Am 24. November 2015 kam es zu einem Zwischenfall, der die türkisch-russischen Beziehungen extrem zuspitzte. Das türkische Militär schoss einen russischen Su-24-Kampfjet ab. Verschiedenen Quellen zufolge war der Jet entweder im Grenzgebiet zwischen Syrien und der Türkei unterwegs, oder - wie Ankara erklärte - bereits über türkischem Territorium. Moskaus Antwort waren umfassende Sanktionen: das Verbot zur Einfuhr türkischer Agrarprodukte, die Visumpflicht für Türken, das Einfrieren der meisten gemeinsamen Wirtschaftsprojekte, das Ende gemeinsamer Kulturinitiativen und die Abreise russischer Studenten aus der Türkei. Doch am härtesten traf beide Seiten das von Russland verhängte Verbot von Pauschalreisen in die Türkei.

5. Entschuldigung und erneute Annäherung

Im Juni 2016 schrieb Erdoğan Putin einen Brief, in dem er sich für den Abschuss des Kampfjets entschuldigte.
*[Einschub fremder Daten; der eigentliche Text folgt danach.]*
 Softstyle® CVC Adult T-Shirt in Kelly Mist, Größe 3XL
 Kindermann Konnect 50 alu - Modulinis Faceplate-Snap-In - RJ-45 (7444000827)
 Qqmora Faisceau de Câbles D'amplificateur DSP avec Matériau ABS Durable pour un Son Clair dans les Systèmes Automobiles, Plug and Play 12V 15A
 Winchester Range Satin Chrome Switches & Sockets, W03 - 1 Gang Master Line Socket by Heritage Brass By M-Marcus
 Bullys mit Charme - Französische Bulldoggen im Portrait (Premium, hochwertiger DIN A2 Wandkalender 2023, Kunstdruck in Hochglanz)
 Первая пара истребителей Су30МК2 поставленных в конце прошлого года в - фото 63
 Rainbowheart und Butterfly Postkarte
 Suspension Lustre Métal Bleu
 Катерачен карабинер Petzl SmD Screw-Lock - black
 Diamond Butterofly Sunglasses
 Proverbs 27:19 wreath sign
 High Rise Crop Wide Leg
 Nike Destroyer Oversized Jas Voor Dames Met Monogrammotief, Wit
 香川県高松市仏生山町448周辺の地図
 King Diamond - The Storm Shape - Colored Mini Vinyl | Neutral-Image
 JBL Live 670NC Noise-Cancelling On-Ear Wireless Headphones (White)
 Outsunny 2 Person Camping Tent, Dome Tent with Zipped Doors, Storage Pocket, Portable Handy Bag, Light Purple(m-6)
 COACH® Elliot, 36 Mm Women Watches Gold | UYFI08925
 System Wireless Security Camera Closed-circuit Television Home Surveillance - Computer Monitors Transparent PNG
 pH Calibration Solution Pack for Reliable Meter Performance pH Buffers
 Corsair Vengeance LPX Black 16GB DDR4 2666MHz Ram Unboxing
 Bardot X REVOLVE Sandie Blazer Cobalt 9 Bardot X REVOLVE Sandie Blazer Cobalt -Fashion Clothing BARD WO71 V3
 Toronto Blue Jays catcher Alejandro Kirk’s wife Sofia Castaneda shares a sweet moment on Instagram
Der türkische Präsident betonte, er betrachte Russland nach wie vor als "Freund" und "strategischen Partner". Er wolle die bilateralen Beziehungen wieder verbessern. Putin hob daraufhin das Verbot für den Verkauf von Pauschalreisen in die Türkei auf. Auch andere Sanktionen sollten nach und nach entfallen.

Ein Treffen zwischen Erdoğan und Putin im August dieses Jahres in St. Petersburg zeigte allerdings, dass die Parteien zu einer Annäherung bereit sind, aber nicht von ihren außenpolitischen Positionen abrücken wollen: Das Thema Syrien wurde bei den Gesprächen einfach ausgeklammert. Die Seiten vereinbarten, die Verhandlungen über den Bau der Turkish Stream-Pipeline und des Atomkraftwerks russischer Bauart in Akkuyu fortzusetzen sowie eine Freihandelszone zu schaffen. Aber von einer Zusammenarbeit zwischen der Türkei und Russland auf früherem Niveau kann auch heute noch keine Rede sein.